Rails: How to Select Records Which Don't Have

2019-04-15 16:36发布

问题:

Let's assume we have users:

class User < ActiveRecord::Base
  has_many :connections
  has_many :groups, through: :connections
end

And groups:

class Group < ActiveRecord::Base
  has_many :connections
  has_many :users, through: :connections
end

Basically, standard many-to-many connection:

class Connection
  belongs_to :user
  belongs_to :group
end

What I intend to do is:

  • Select only users who don't belong to given set of Groups (groups with ids [4,5,6])
  • Select only users who belong to one set of Groups ([1,2,3]) and don't belong to another ([4,5,6])
  • Select only users who don't belong to a Group

Also, I don't want to:

  • Fetch a lot of data from database to manipulate it with Ruby code. I know that will be inefficient in terms of CPU and memory (Ruby is much slower than any commonly used DB engine, and typically I want to rely on DB engine to do the heavy lifting)
  • I tried queries like User.joins(:group).where(group_id: [1,2,3]).where.not(group_id: [4,5,6]) and they return wrong results (some users from the result set belong to groups 4,5,6 as well as 1,2,3)
  • I don't want to do join merely for the sake of only checking for existence, because I know that that is a pretty complex (i.e. CPU/memory-intensive) operation for DB

回答1:

Such questions are pretty common amongst beginner to middle-level Rails developers. You know ActiveRecord interface and basic SQL operations, but you are stumbled on such kind of tasks as outlined in the question. (Couple of examples of such questions: 1, 2).

The answer is simple: use SQL EXISTS condition. Quick reference from the given URL:

Syntax

The syntax for the SQL EXISTS condition is:

WHERE EXISTS ( subquery );

Parameters or Arguments

subquery

The subquery is a SELECT statement. If the subquery returns at least one record in its result set, the EXISTS clause will evaluate to true and the EXISTS condition will be met. If the subquery does not return any records, the EXISTS clause will evaluate to false and the EXISTS condition will not be met.

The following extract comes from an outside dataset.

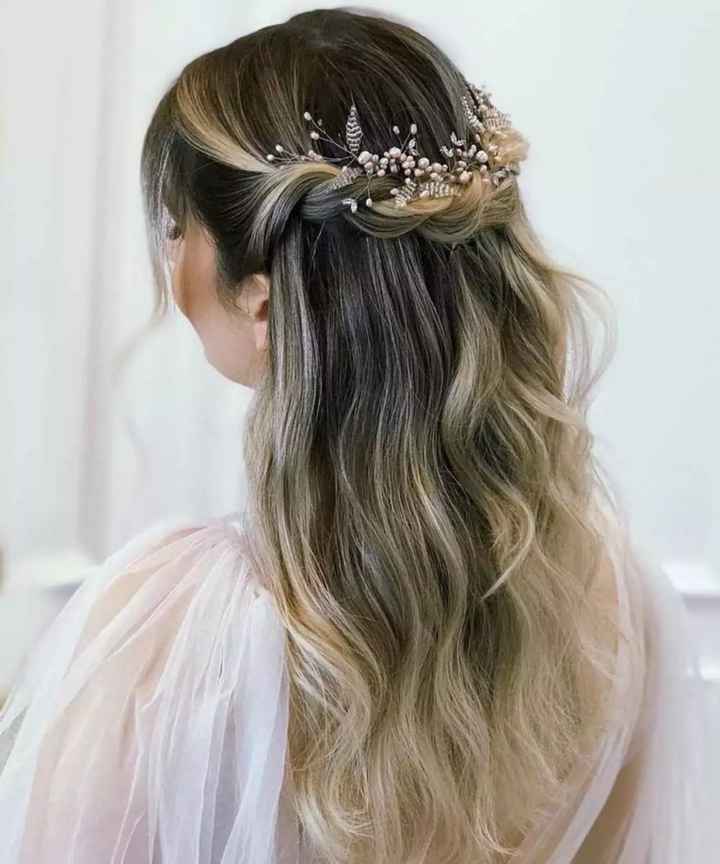Accessori per capelli (sciolti) - 1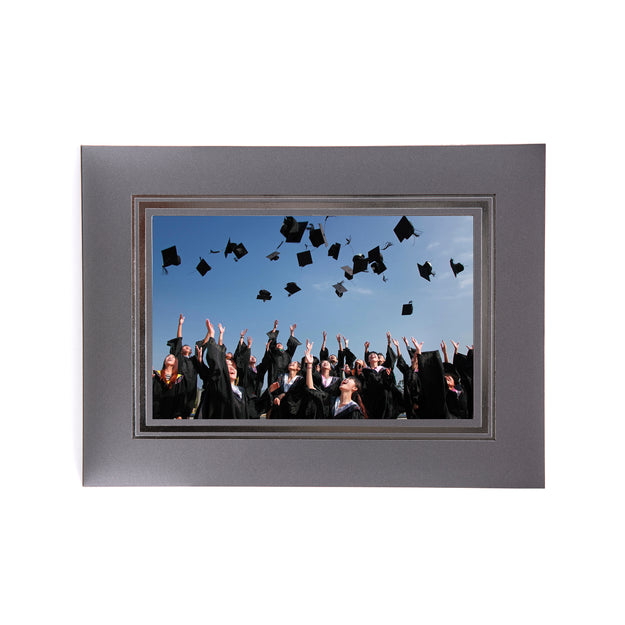 Strut Mounts Cardboard Photo Frames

It is also mentioned that EXISTS might be slower than JOIN, but that is usually not true. From the Exists v. Join question on SO:

EXISTS is only used to test if a subquery returns results, and short circuits as soon as it does. JOIN is used to extend a result set by combining it with additional fields from another table to which there is a relation. [...] If you have proper indexes, most of the time the EXISTS will perform identically to the JOIN. The exception is on very complicated subqueries, where it is normally quicker to use EXISTS.

So, the database doesn't need to look through all the connections (it stops 'joining' records with 'exists' as soon as it founds the right one), and doesn't need to return all the fields from the table joined (just check that the corresponding row, well, does exist).

Answering the specific questions:

Select only such users, who don't belong to given set of Groups (groups with ids [4,5,6])

not_four_to_six = User.where("NOT EXISTS (
   SELECT 1 FROM connections
   WHERE connections.user_id = users.id
   AND connections.group_id IN (?)
  )", [4,5,6])

Select only such users, who belong to one set of Groups ([1,2,3]) and don't belong to another ([4,5,6])

one_two_three = not_four_to_six.where("EXISTS (
   SELECT 1 FROM connections
   WHERE connections.user_id = users.id
   AND connections.group_id IN (?)
  )", [1,2,3])

Select only such users, who doesn't belong to a Group

User.where("NOT EXISTS (
   SELECT 1 FROM connections
   WHERE connections.user_id = users.id
  )")